──────── TASK MATERIAL

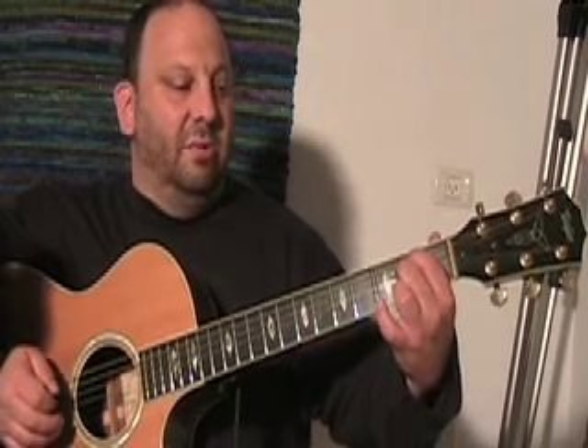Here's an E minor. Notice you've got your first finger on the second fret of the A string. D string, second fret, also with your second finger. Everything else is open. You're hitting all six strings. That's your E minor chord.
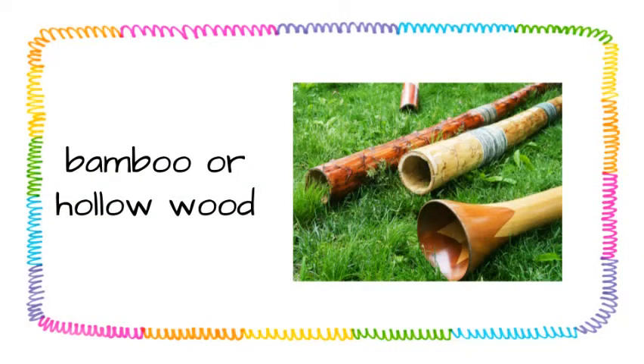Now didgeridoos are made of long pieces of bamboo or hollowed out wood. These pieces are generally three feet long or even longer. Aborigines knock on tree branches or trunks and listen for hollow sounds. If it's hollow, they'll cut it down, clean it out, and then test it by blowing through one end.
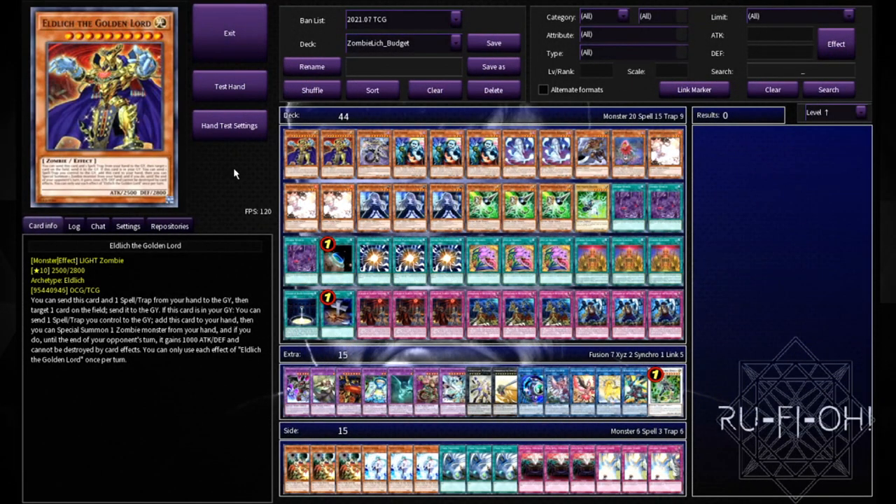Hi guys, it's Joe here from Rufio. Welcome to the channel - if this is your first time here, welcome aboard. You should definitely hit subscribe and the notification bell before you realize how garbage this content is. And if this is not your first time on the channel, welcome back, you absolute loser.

────────────────
──────── TASK MATERIAL

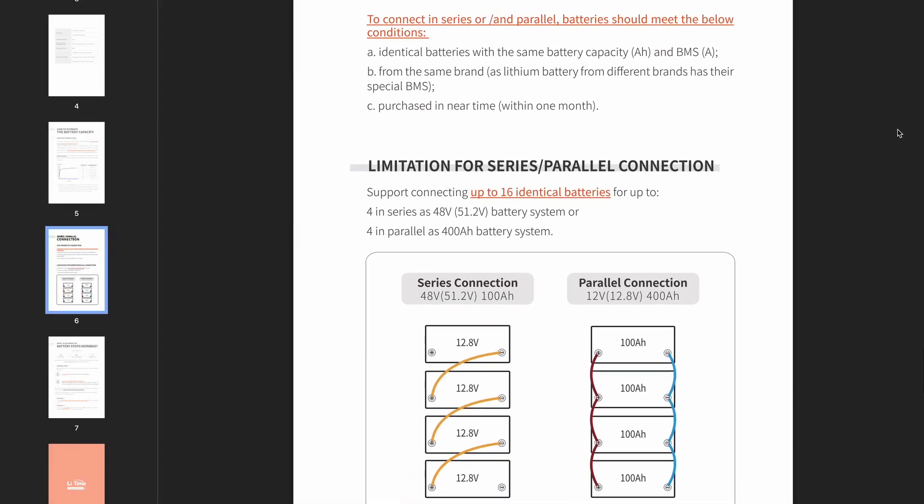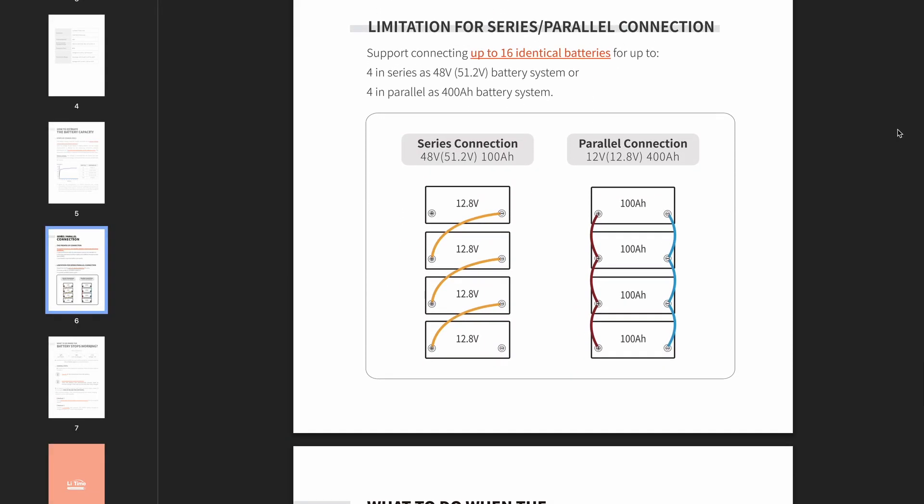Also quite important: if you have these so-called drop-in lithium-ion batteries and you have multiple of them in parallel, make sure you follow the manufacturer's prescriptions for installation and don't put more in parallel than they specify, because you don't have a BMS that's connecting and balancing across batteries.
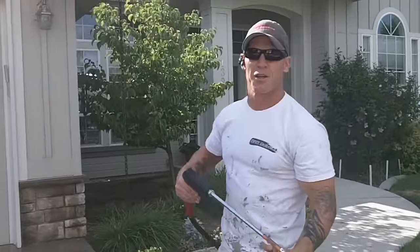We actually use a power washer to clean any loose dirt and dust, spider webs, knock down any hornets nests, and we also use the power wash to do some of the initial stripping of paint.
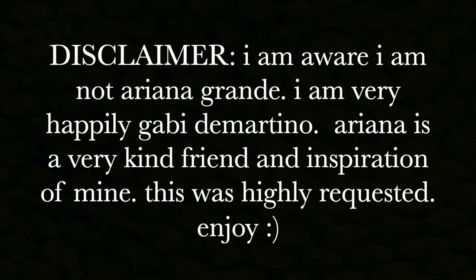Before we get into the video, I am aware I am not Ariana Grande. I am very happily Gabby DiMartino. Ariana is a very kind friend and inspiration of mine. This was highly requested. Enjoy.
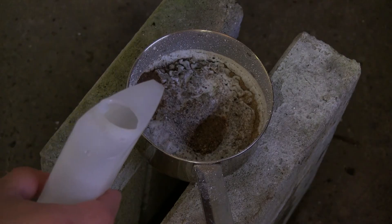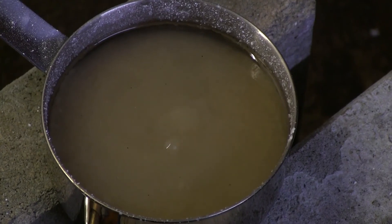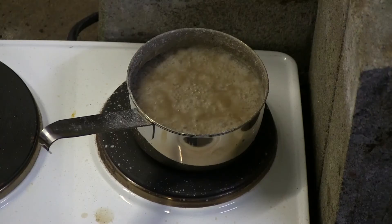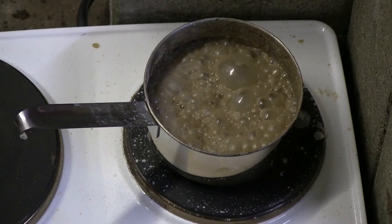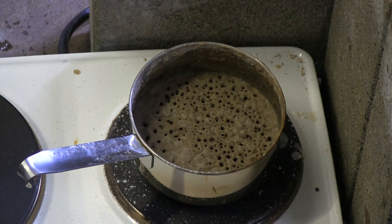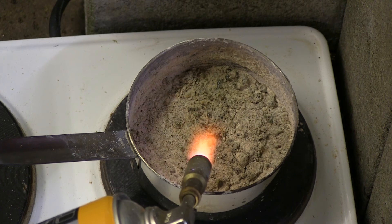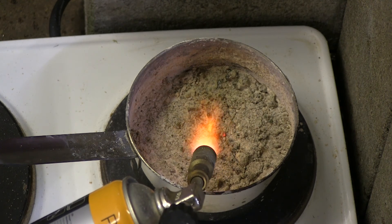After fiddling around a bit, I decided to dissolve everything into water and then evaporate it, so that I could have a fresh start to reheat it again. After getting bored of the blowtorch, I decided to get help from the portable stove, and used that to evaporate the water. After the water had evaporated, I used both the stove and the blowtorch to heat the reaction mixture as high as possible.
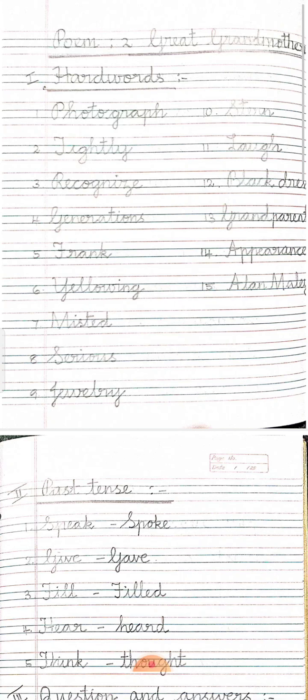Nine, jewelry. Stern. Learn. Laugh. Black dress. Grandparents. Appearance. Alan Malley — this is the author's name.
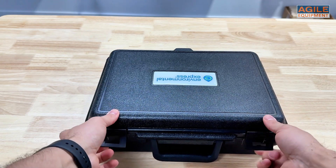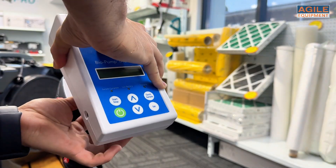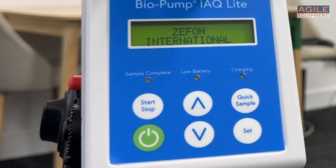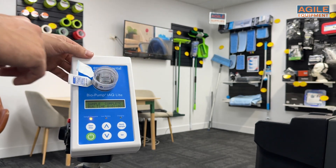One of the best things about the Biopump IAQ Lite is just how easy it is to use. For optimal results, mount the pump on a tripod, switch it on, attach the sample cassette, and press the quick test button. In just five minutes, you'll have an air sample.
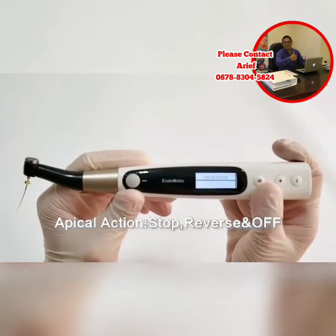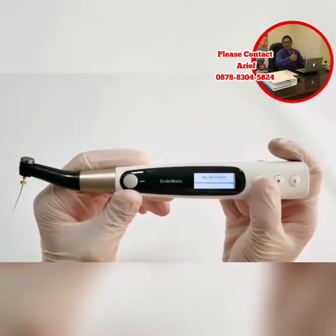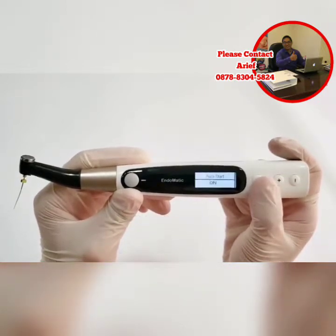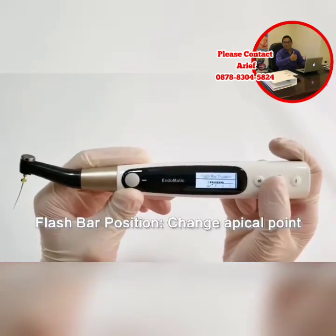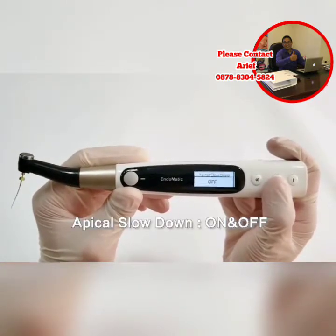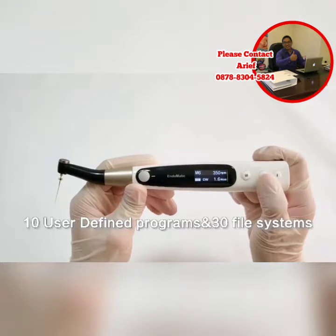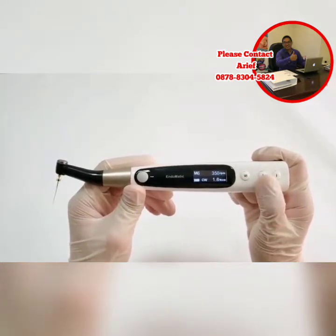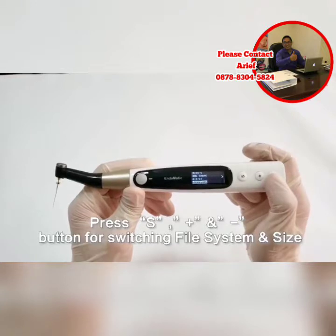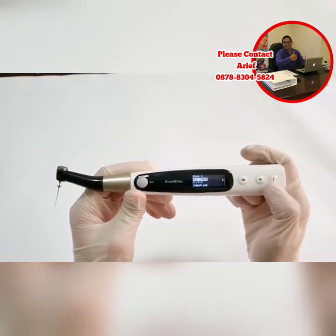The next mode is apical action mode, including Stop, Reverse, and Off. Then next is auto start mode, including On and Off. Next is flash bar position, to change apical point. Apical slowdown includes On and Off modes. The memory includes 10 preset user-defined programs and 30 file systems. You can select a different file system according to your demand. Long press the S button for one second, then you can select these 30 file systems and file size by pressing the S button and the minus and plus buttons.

────────────────
──────── TASK MATERIAL

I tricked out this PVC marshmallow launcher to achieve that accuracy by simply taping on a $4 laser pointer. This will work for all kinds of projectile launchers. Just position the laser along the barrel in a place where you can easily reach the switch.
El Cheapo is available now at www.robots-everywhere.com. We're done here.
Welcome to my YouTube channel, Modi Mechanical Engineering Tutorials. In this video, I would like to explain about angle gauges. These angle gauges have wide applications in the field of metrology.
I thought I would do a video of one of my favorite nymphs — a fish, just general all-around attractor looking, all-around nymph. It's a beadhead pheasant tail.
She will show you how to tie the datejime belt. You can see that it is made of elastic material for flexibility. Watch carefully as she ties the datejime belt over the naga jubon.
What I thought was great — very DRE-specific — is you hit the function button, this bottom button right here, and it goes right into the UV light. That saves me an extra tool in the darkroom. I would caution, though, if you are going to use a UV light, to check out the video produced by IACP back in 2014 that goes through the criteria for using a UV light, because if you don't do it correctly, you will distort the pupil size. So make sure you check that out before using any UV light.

────────────────

# [TASK GOAL]
Given the data above, transcribe exactly the lines from the one containing "I thought I" down to the one containing "What I thought", and no others.

# [WORKED SOLUTION]
I thought I would do a video of one of my favorite nymphs — a fish, just general all-around attractor looking, all-around nymph. It's a beadhead pheasant tail.
She will show you how to tie the datejime belt. You can see that it is made of elastic material for flexibility. Watch carefully as she ties the datejime belt over the naga jubon.
What I thought was great — very DRE-specific — is you hit the function button, this bottom button right here, and it goes right into the UV light. That saves me an extra tool in the darkroom. I would caution, though, if you are going to use a UV light, to check out the video produced by IACP back in 2014 that goes through the criteria for using a UV light, because if you don't do it correctly, you will distort the pupil size. So make sure you check that out before using any UV light.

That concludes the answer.